Are you today’s equivalent of the Yale student body that protested the chalkboard in the 1830s?
Seems like a ridiculous question and scenario. But believe it or not, this is a true story according to Professor Cathy Davidson. I am taking Davidson’s fantastic MOOC course “The Future and History of Mostly Higher Education”. In the course, she tells the following story:
“In the 1830s, a mathematician at Yale decided he needed to write on a blackboard. The elite method of learning at Yale, up until that point, was called the recitation, where the professor and the student constantly recited and memorized work back and forth to each other. The idea that a professor would use a blackboard was considered demeaning to the great recitators of Yale, and the students actually rioted when the professor introduced this radical new technology into his Yale classrooms. The students were expelled, and after a while, the trustees decided to reinstate the students, but only under the condition that they accept the blackboard. And, pretty soon, the blackboard spread like wildfire.”
This isn’t the only ludicrous example of individuals’ overreaction to new ways of learning and consuming content. Davidson also noted in the class that in the 18th century, the concept of novel writing caused an uproar. The Founding Fathers believed novels were a distraction, ruined your memory, made you distaste elite literature, made you susceptible to sexual predators and were filled with anarchic ideas.
She also talks about how Socrates believed that the new concept of writing diminished the complexity of thought and ruined the dialogical process between people and hurt the memory.

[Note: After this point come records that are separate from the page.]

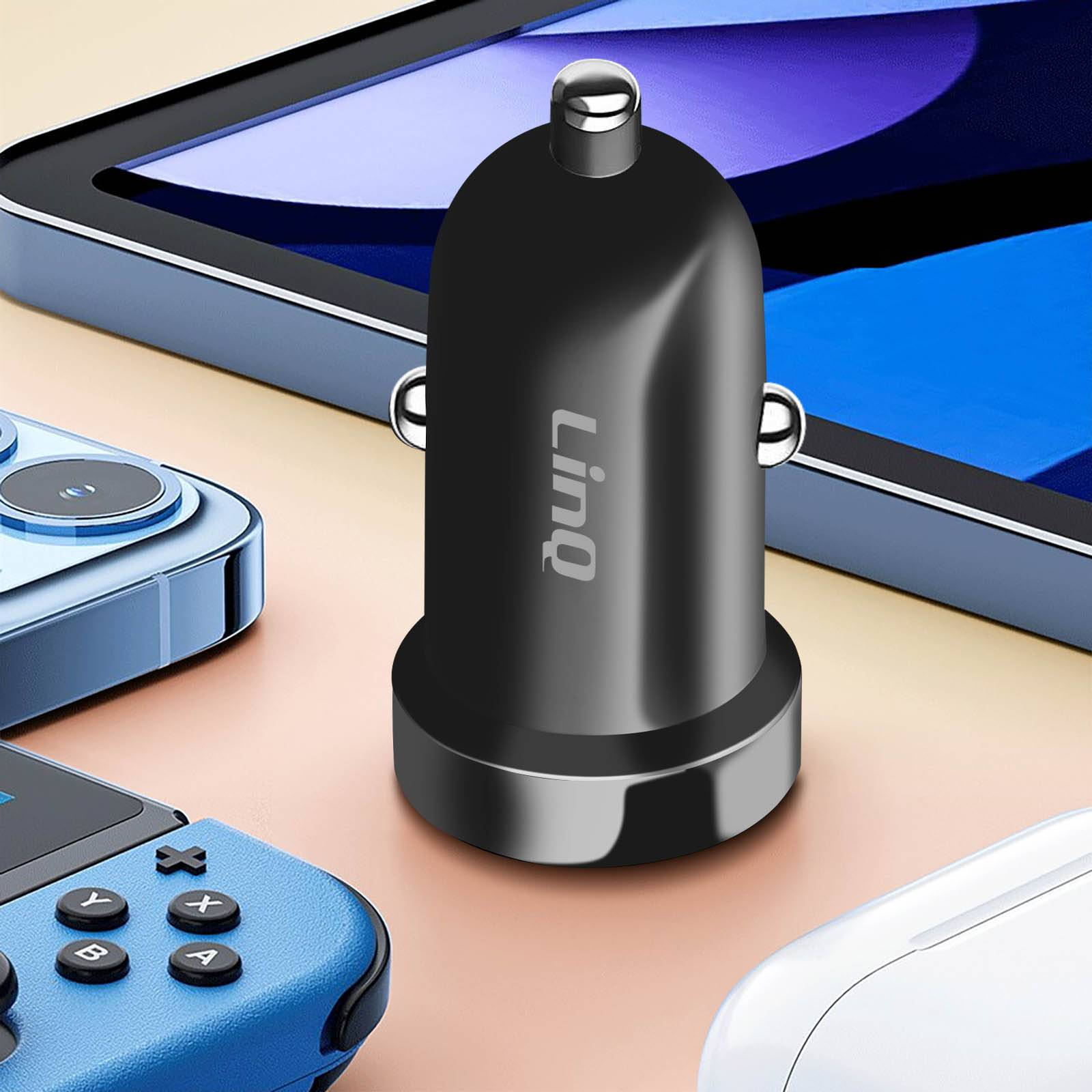 Chargeur Voiture Allume cigare USB C 20W Power Delivery Compact-4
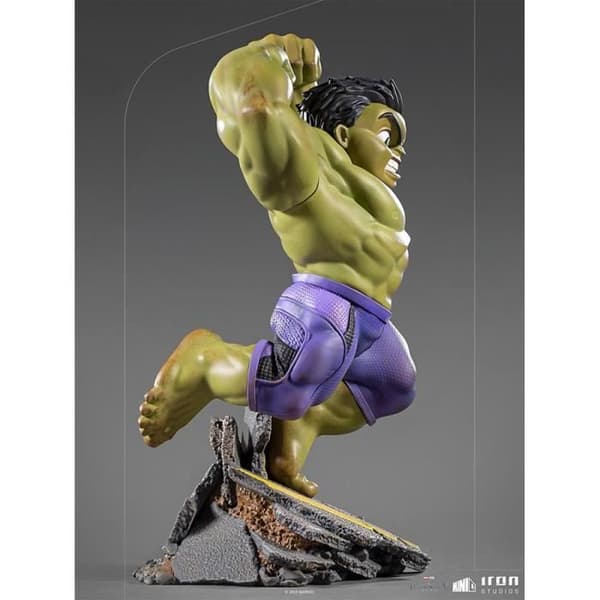 Figur - IRON STUDIOS - Hulk Infinity Saga Mini Co. - 22 cm - Plast - Detaljerad design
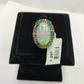 Opal and Diamond Ring with Emerald Accent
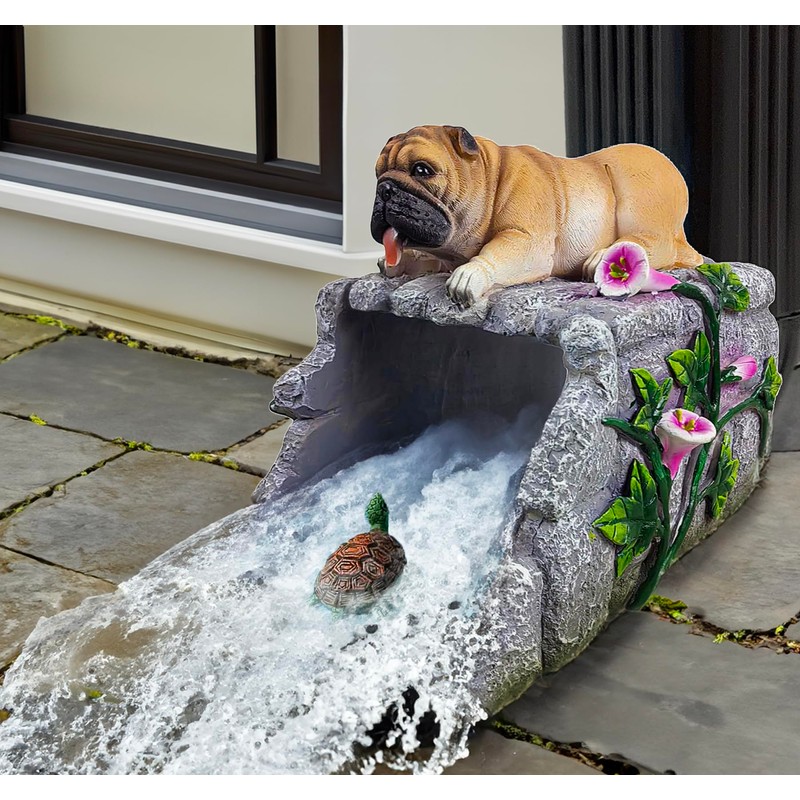 Teaeeno Mermaid Statue Gutter Downspout Extension Decor, Resin Animal Statue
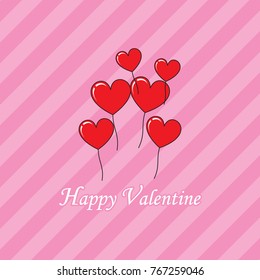 ballon valentine vector illustration for background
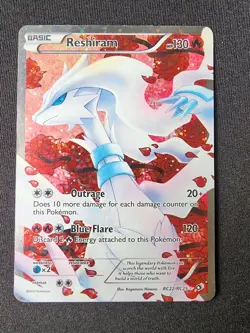 Reshiram RC22/RC25 Legendary Treasures Ultra Rare Full Art Holo Pokemon Card - Image 1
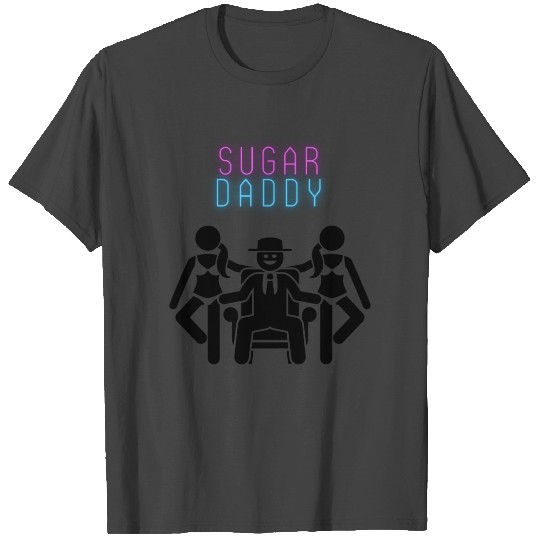 Sugar Daddy Black T Shirts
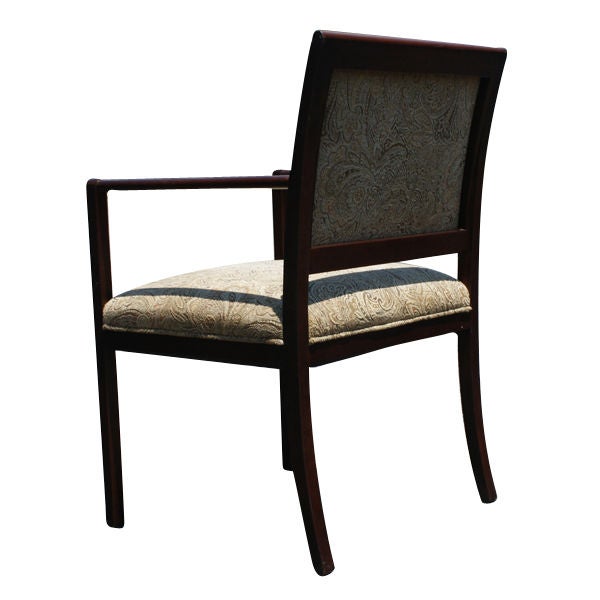Late 20th Century 1 Ward Bennett For Brickel Upholstered Arm Chair 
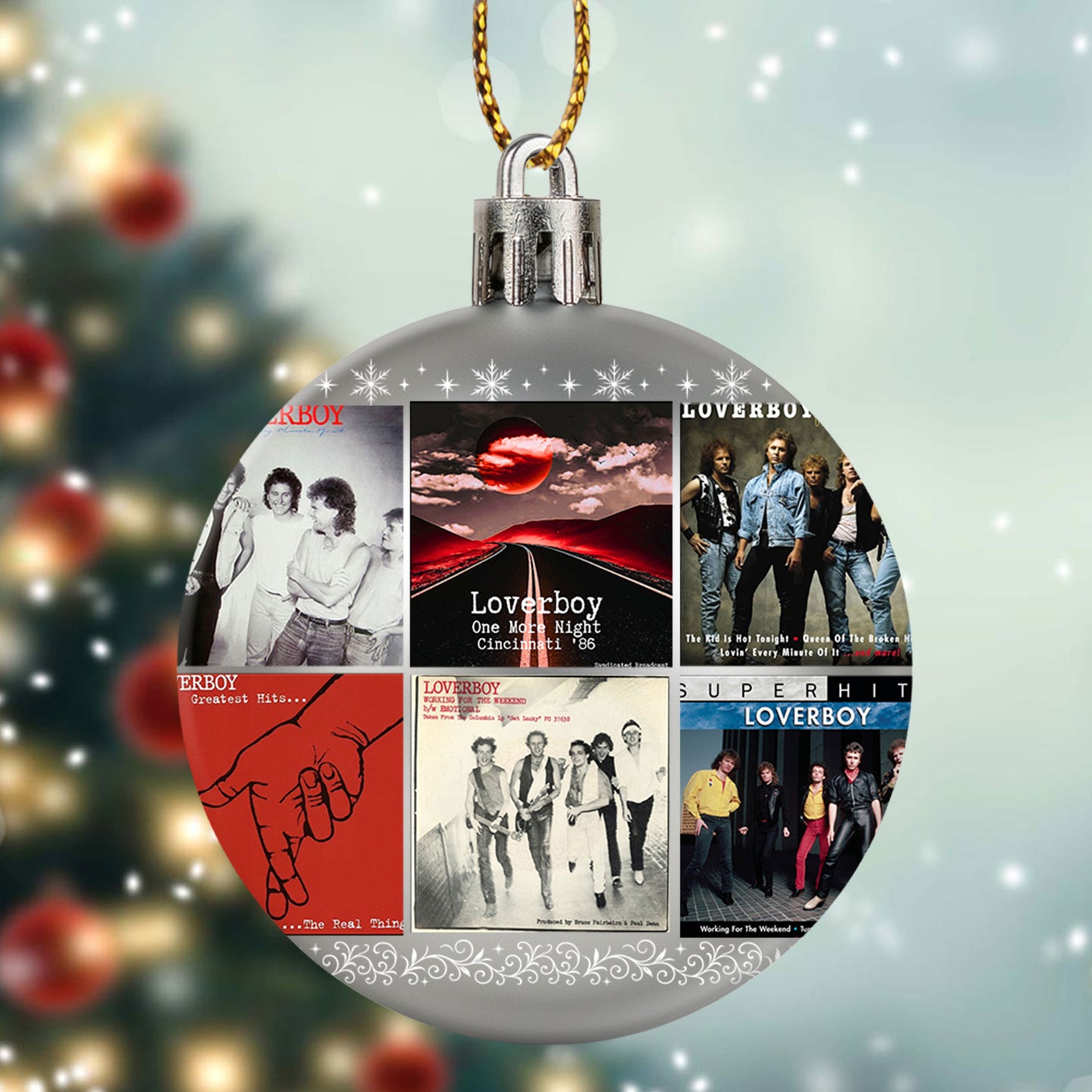 Loverboy Ball Ornament – Rock the Holidays with Classic 80s Energy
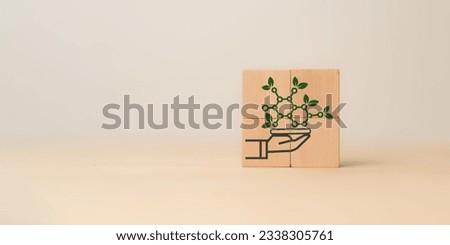 BIOTECH, Biotechnology concept. Technology based on biology to develop technologies and products. Providing innovative solutions to global health, environmental and agricultural challenges. 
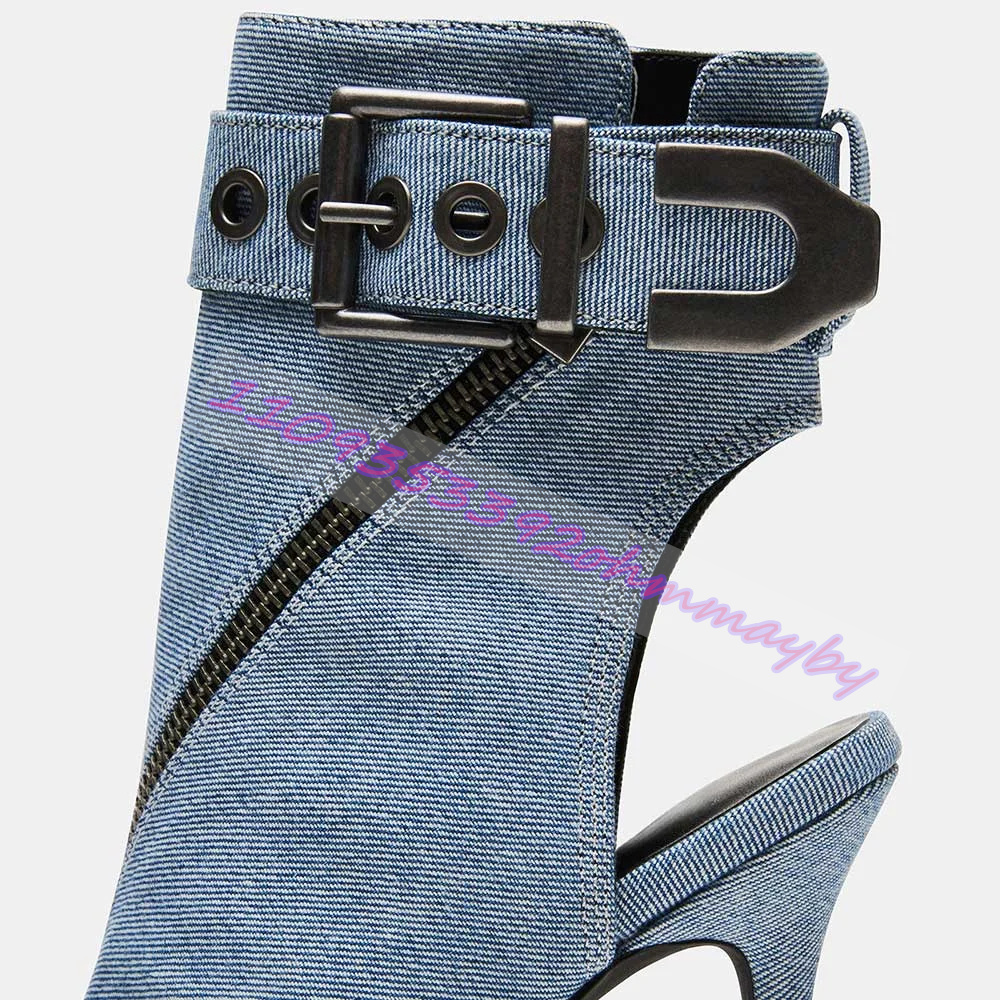 Summer Blue Denim Pointed-Toe  - Leather Classic Strap incelemesi ve fiyatı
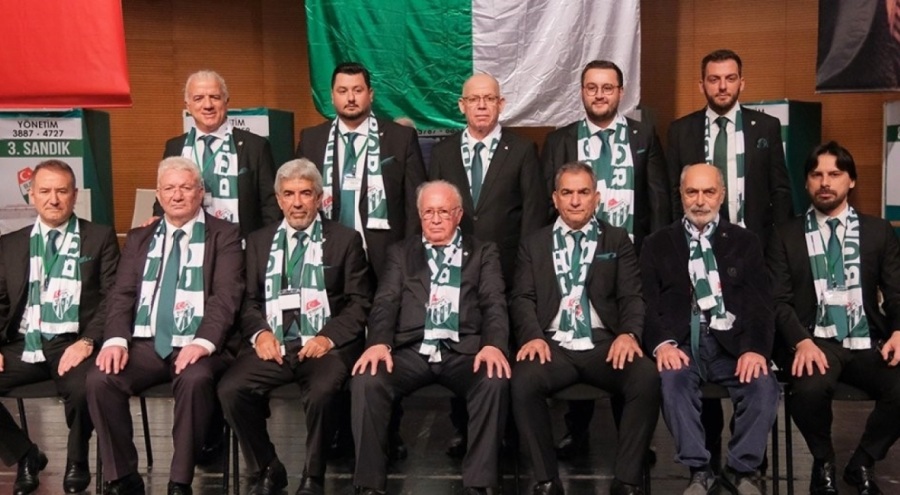 Bursaspor yönetiminde görev dağılımı yapıldı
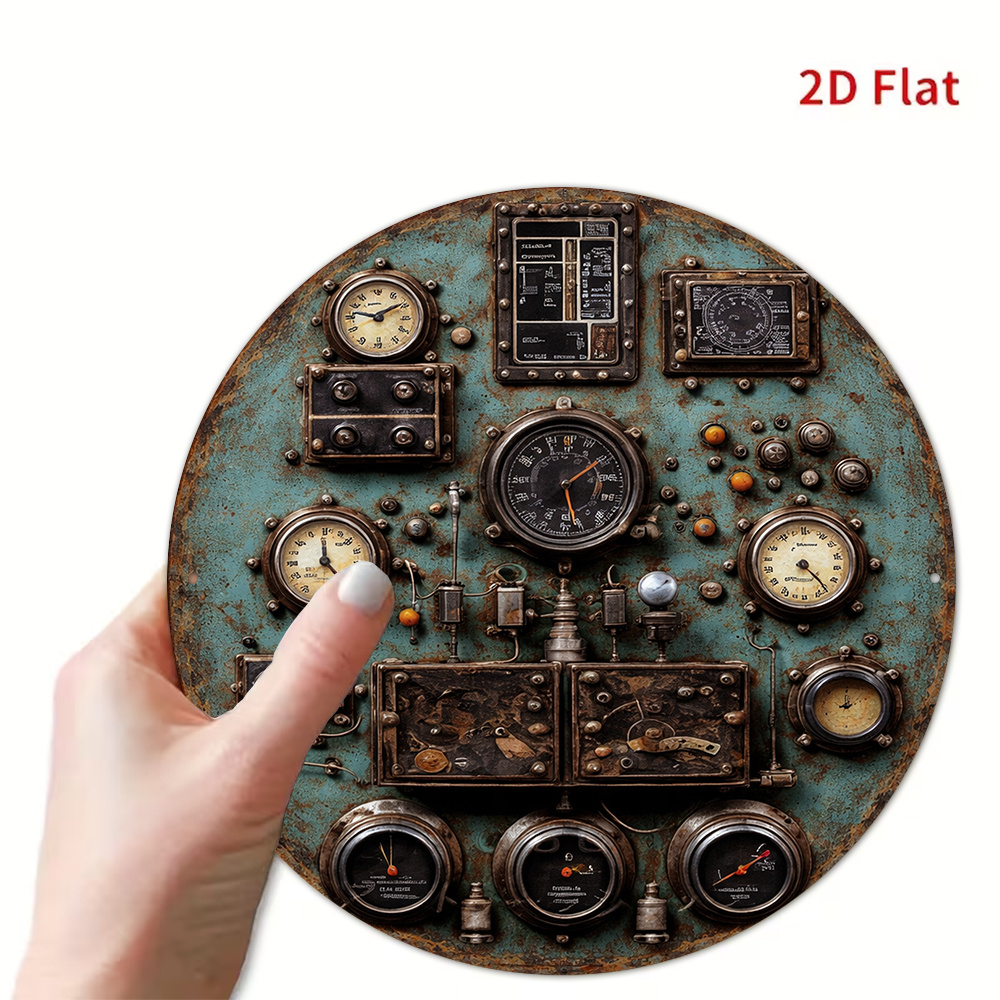 Papan Aluminium Bulat Retro 2D - Home Cinema Classic ulasan dan harga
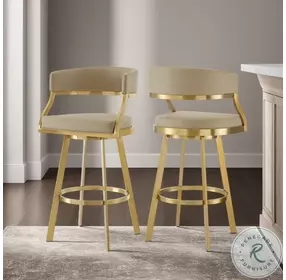Saturn Light Sand Swivel Counter Height Stool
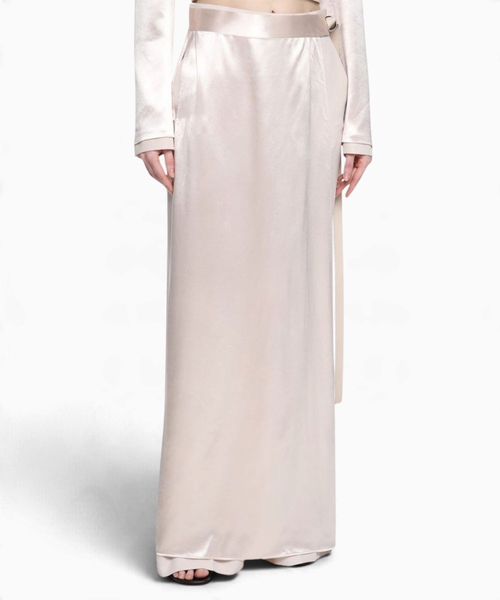 Satin trousers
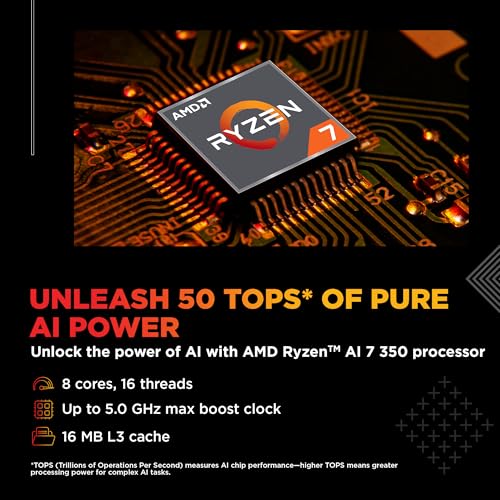 Image of HP Omen, AMD Ryzen AI 7 350, 8GB RTX 5060, 24GB DDR5(Upgradeable) 1TB SSD, 165Hz, 2k WUXGA, 3ms, 400 nits, 16'' /40.6cm, Win11, M365* Office24, Black, 2.44kg, ap0183AX, RGB, AI Gaming Laptop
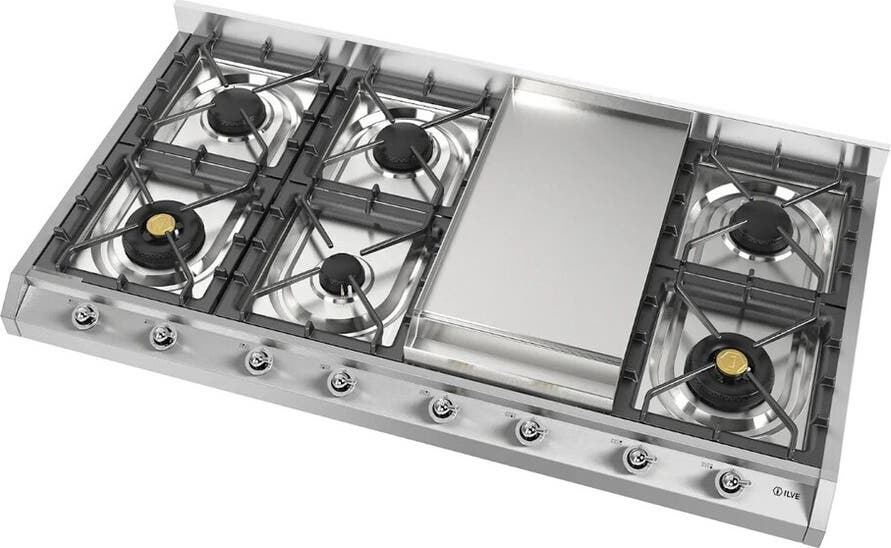 Ilve UHCP1265FNSSC Stainless Steel With Chrome Trim, Natural Gas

It is easy in 2014 to laugh at the irrational thought of generations before us. However, not so fast. What about us? I’m sure that there were people just a couple decades back who hated this new technology called email and preferred sending information via FAX. You know – those passwords can be awfully complicated…. In the year 2214, what will our great, great, great grandchildren say about us?
Will they be incredulous to the fact that so few professors are leveraging the power of digital communications to disseminate their thought leadership and expertise? Will they be shocked that there has been resistance to the concept of MOOCs? Will they make fun of us communicators that might have been reluctant to embrace a new social media channel?